Mao had reasonable excuses.  The West has no real excuse for still demanding a Great Leap Forward after repeated failures.

The big trouble with lying is that it’s not true.  That also applies to False Beliefs, as with right-wingers insisting that Climate Change is a leftist myth.  A few individuals have shown their honesty by admitting their former errors.[I]  But most hang on to the bitter end.

I fear it will be very bitter indeed for Britain and the USA.

 

The finest Free Media that money can buy

“Google is to ‘derank’ stories from Kremlin-owned publications Russia Today (RT) and Sputnik in response to allegations about election meddling by President Putin’s government.

“Alphabet chairman Eric Schmidt said the search giant needed to deal with the spread of misinformation.

“RT has been described by US intelligence agencies as ‘Russia’s state-run propaganda machine’.

“The publications said the move was a form of censorship.”[J]

They are also banned from buying advertising on Twitter.[K]  Understandable, since they have a populist style that neatly exposes all of the troubles and failures of the West.

I start each morning watching four news services: the BBC, Russia Today, the Chinese and Al Jazeera.  Each has an agenda: between them one gets something like the truth.

The BBC was once trustworthy.  Repeated Tory complaints about ‘Leftist Bias’ and the appointment of compliant top managers has ended that for news, at least.  It would be beyond the New Right to realise that this costs Britain more long-term than they could ever gain.

Right now, there is a smear campaign.

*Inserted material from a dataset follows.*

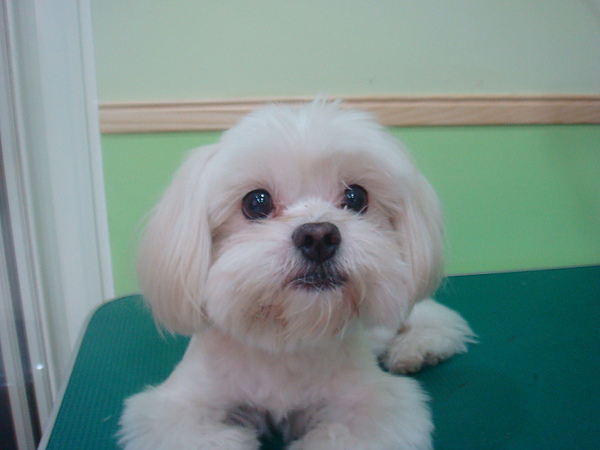 OREO 美容前-1.JPG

A handful of people in Russia took an interest in the US election and posted stuff.  This would not have mattered had the West’s politics been competent, which is just the problem.  So Russia Today is harassed on unproven charges.  Mrs May, having foolishly weakened herself with a snap election back in June, is now claiming to be powerless before the Might of Putin.[L]  Hilary Clinton, having snatched the Democratic Party nomination from the more popular and more left-wing Bernie Saunders, now blames anyone but herself.

 

Marketing sex?

There is fierce skirmishing between the alternatives of legalising prostitution and making it criminal for the customer as well as the prostitute.  (Britain, with typical hypocrisy, criminalises only the prostitute.)

Thinking in terms of boundaries rather than some mysterious entity called The Freedom, I’d like to make a separation between commercial sex and normal life.  I would clamp down on advertisers using sexual attractiveness: so many displays of women indicate sexual availability.  Stop newspapers and magazines dropping it in on various pretexts.  Call it absurd that there is no significant difference between music videos and soft-core pornography.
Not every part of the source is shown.